Oxidative Stress and Biomaterials (eBook)

Oxidative Stress and Biomaterials provides readers with the latest information on biomaterials and the oxidative stress that can pose an especially troubling challenge to their biocompatibility, especially given the fact that, at the cellular level, the tissue environment is a harsh landscape of precipitating proteins, infiltrating leukocytes, released oxidants, and fluctuations of pH which, even with the slightest shift in stasis, can induce a perpetual state of chronic inflammation.
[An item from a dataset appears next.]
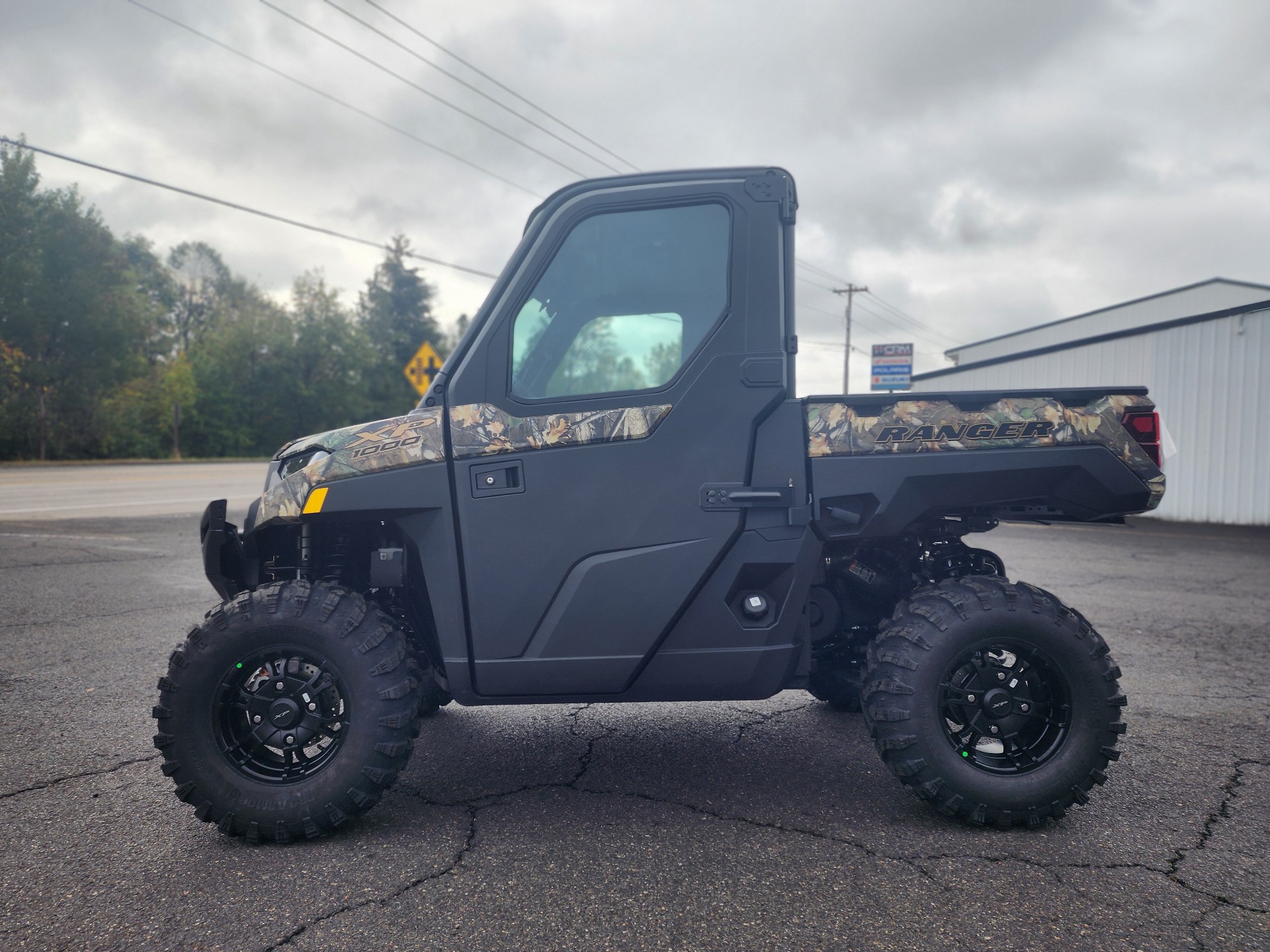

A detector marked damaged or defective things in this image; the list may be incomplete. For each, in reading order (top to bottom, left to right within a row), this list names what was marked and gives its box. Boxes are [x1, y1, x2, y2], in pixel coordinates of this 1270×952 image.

pavement crack [0, 756, 161, 799]
pavement crack [267, 804, 482, 952]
No material is 100% non-inflammatory, non-toxic, non-teratogenic, non-carcinogenic, non-thrombogenic, and non-immunogenic in all biological settings and situations. In this embattled terrain, the most we can hope for from the biomaterials we design is a type of 'meso-compatibility, a material which can remain functional and benign for as long as required without succumbing to this cellular onslaught and inducing a local inflammatory reaction. - Explores the challenges of designing and using biomaterials in order to minimize oxidative stress, reducing patterns of chronic inflammation and cell death - Brings together the two fields of biomaterials and the biology of oxidative stress - Provides approaches for the design of biomaterials with improved biocompatibility

Dr. Thomas Dziubla, Ph.D. is the Associate Gill Professor and Director of Graduate Studies in the Department of Chemical and Materials Engineering at the University of Kentucky. He received his B.S. and Ph.D in Chemical Engineering from Purdue University (1998) and Drexel University (2002), respectively. In 2002-2004, he was an NRSA postdoctoral fellow in the Institute for Environmental Medicine at the University of Pennsylvania's School of Medicine under the guidance of Dr. Vladimir Muzykantov, where he worked on the design of degradable polymeric nanocarriers for the delivery of antioxidants. His research group is interested in the design of new functional polymeric biomaterials, which can actively control local cellular oxidative stress for improved biomaterial integration and disease treatment. Dr. Dziubla is a member of Society for Biomaterials and American Institute of Chemical Engineers. He holds 8 patents, has authored over 50 peer reviewed publications and has started several companies that are currently commercializing technologies that have originated from his laboratory.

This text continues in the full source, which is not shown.